Islamophobia challenges the diversity of American culture and society, proliferates misinformation and stereotypes, and fosters hostility and potential violence.
The Problem
Since 2001, Islamophobia has been on a steady rise, with a dramatic increase in hate crimes against Arabs and Muslims —or those perceived to be Arab or Muslim. It has resulted in Arab baiting in elections (bigoted rhetoric against candidates of Arab descent), has become a political wedge issue, with candidates pandering to irrational fears of Arabs and Muslims, and has created public hysteria in opposition to the building of mosques and Islamic schools and community centers. Since 2010, several states have proposed legislation to ban Sharia, or Islamic law, as a means of safeguarding the American legal system from a fictional threat of being overtaken by Sharia. In 2011, House Homeland Security Committee Chairman Peter King (R-NY) held hearings specifically targeting the American Muslim community on the threat of radicalization.
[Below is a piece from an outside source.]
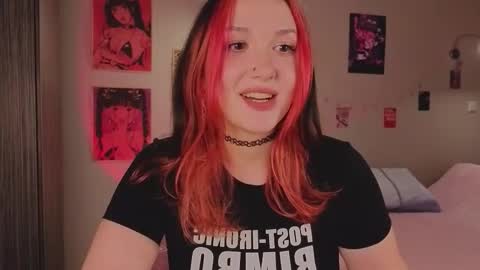 Snapshot of crystalblaze_ chatting on September 24, 8:23 pm Grace online show from September 24, 8:23 pm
While Arab Americans and American Muslims are the targets of Islamophobia, this form of discrimination impacts everyone. Tolerance or progression of Islamophobia heightens the risk of discrimination against other racial, religious, and ethnic minorities.
Current Status
Congressional Discrimination
Since January 2011, Congressman King has held three hearings on radicalization within the American Muslim community. The political conversation following the 9/11 attacks was careful to point out that a peaceful religion had been “hijacked” by a fringe group and used for violence Congressman King’s hearing, however, reoriented the conversation around a tone in which all Arab Americans and American Muslims should be viewed with suspicion. The hearings produced little to no evidence supporting his claims that the Muslim community is particularly prone to radicalization.
2012 Elections
Several of the 2012 presidential candidates have made Islamophobic remarks, including: Michelle Bachmann, who was the first GOP candidate to sign the “FAMILY FIRST” marriage vow, commits its signatories to “rejection of Sharia Islam and all other anti-woman, anti-human rights form of totalitarian control.”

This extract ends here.